Cache Runtime Auto Scaling
Fluid can disperse data into Kubernetes compute nodes by creating Dataset objects as a medium for data exchange, which can effectively avoid remote writing and reading of data and improve the efficiency of data usage. But the problem here is the resource estimation and provisioning of the data cache. Since accurate data prediction is more difficult to meet before data production and consumption, using on-demand scaling is more user-friendly. The on-demand scaling technology is similar to page cache, which is transparent to the user, but the acceleration it brings is obvious.

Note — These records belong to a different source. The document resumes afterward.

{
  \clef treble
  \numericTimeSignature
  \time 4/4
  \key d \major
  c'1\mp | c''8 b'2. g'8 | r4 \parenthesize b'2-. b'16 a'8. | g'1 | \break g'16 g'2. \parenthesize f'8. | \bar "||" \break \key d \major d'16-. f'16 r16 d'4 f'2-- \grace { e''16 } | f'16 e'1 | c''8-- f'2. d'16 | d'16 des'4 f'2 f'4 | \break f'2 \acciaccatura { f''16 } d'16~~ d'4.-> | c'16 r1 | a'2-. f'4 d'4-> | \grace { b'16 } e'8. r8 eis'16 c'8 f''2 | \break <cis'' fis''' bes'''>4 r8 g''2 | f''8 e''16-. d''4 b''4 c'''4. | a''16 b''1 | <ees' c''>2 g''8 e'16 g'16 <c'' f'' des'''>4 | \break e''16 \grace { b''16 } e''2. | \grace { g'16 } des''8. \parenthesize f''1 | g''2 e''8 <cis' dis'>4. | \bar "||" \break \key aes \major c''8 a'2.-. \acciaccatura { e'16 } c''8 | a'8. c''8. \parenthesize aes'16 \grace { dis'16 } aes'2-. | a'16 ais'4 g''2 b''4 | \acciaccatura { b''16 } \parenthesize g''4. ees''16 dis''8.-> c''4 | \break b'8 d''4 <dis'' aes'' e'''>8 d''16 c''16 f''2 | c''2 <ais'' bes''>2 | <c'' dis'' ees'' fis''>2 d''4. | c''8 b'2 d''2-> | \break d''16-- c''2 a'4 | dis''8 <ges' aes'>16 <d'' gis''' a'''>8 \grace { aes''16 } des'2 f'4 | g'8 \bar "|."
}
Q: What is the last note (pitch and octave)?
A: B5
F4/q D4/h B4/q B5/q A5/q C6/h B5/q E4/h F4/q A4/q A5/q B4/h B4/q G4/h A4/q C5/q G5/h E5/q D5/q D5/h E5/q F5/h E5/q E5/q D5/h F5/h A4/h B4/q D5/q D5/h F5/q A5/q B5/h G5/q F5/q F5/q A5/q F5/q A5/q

Fluid introduces cache elasticity scaling capabilities through a custom HPA mechanism. The condition for elastic scaling is that the elastic expansion of cache space occurs when the amount of existing cache data reaches a certain percentage. For example, if the trigger condition is set to more than 80% and the total cache space is 10G, when the data fills up to 8G of cache space, the scaling will be triggered.

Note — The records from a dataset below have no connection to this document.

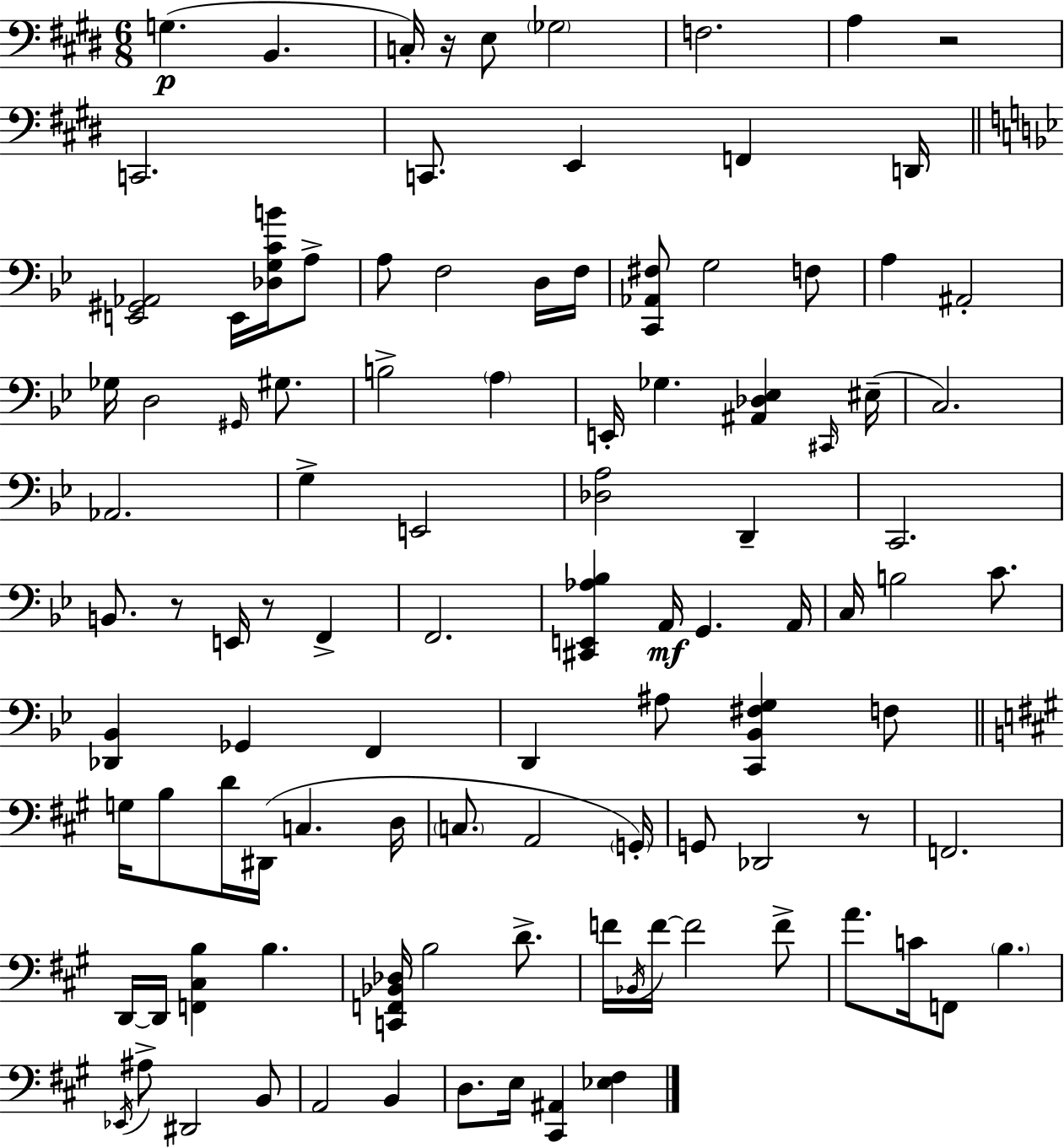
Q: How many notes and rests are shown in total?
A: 104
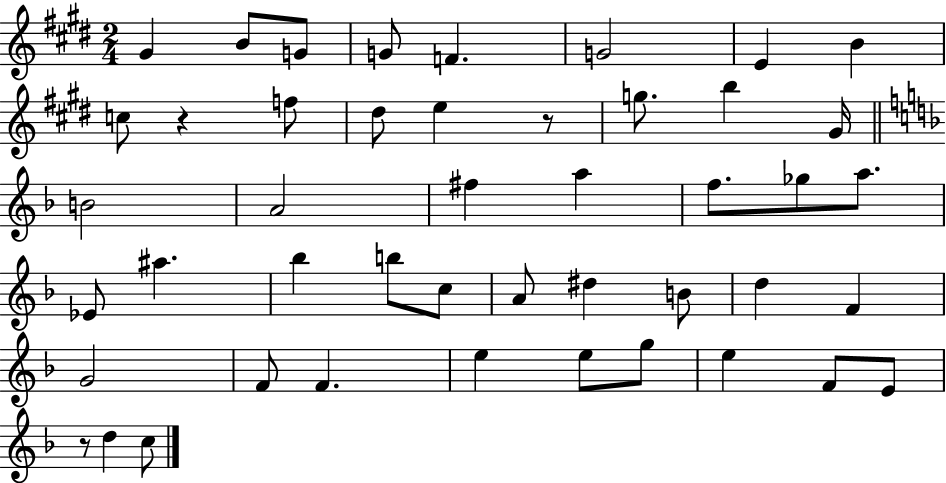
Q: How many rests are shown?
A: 3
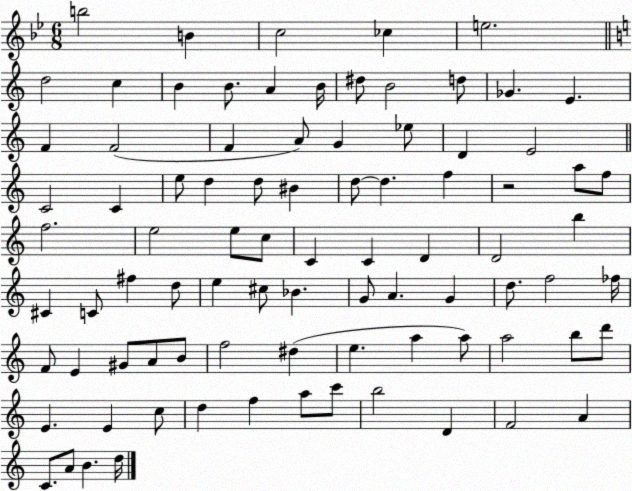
X:1
T:Untitled
M:6/8
L:1/4
K:Bb
b2 B c2 _c e2 d2 c B B/2 A B/4 ^d/2 B2 d/2 _G E F F2 F A/2 G _e/2 D E2 C2 C e/2 d d/2 ^B d/2 d f z2 a/2 f/2 f2 e2 e/2 c/2 C C D D2 b ^C C/2 ^f d/2 e ^c/2 _B G/2 A G d/2 f2 _f/4 F/2 E ^G/2 A/2 B/2 f2 ^d e a a/2 a2 b/2 d'/2 E E c/2 d f a/2 c'/2 b2 D F2 A C/2 A/2 B d/4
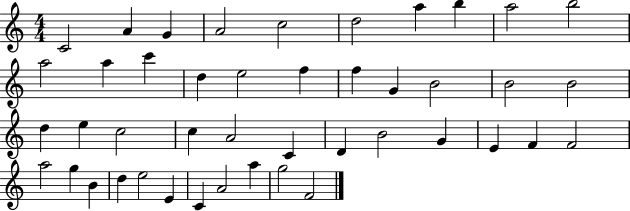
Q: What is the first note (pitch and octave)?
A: C4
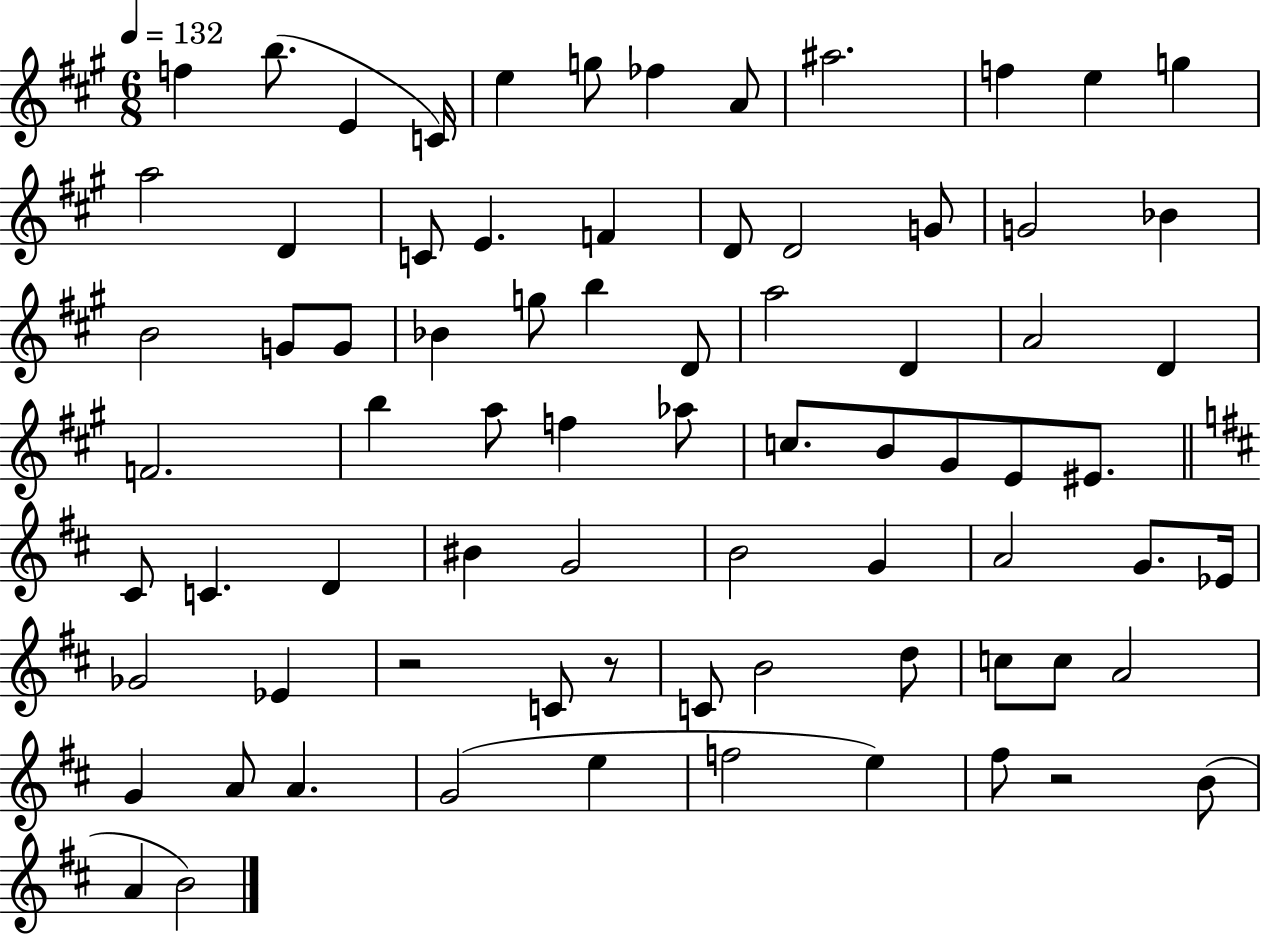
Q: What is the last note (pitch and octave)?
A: B4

This document will show you this feature.
Prerequisite
-
It is recommended to use Kubernetes 1.18 onwards, because before 1.18, HPA is not able to customize the scaling policy, it is hard-coded. After 1.18, users can customize the scale-out and scale-in policies, such as defining the cooling time after a scaling.
-
Fluid has been installed. If not, please follow the installation guide.
Steps
- Install the jq tool to facilitate parsing json, in this case we are using CentOS, and can install jq via yum
$ yum install -y jq
- Download the community repo if needed
$ git clone https://github.com/fluid-cloudnative/community.git
- Deploy or configure Prometheus
Metrics exposed by the cache engine of AlluxioRuntime are collected here by Prometheus. If there is no Prometheus in your cluster, please follow the Installation guide to set up Prometheus correctly in your production environment.:
If you have Prometheus in your cluster, you can write the following configuration to the Prometheus configuration file:
scrape_configs:
- job_name: 'alluxio runtime'
metrics_path: /metrics/prometheus
kubernetes_sd_configs:
- role: endpoints
relabel_configs:
- source_labels: [__meta_kubernetes_service_label_monitor]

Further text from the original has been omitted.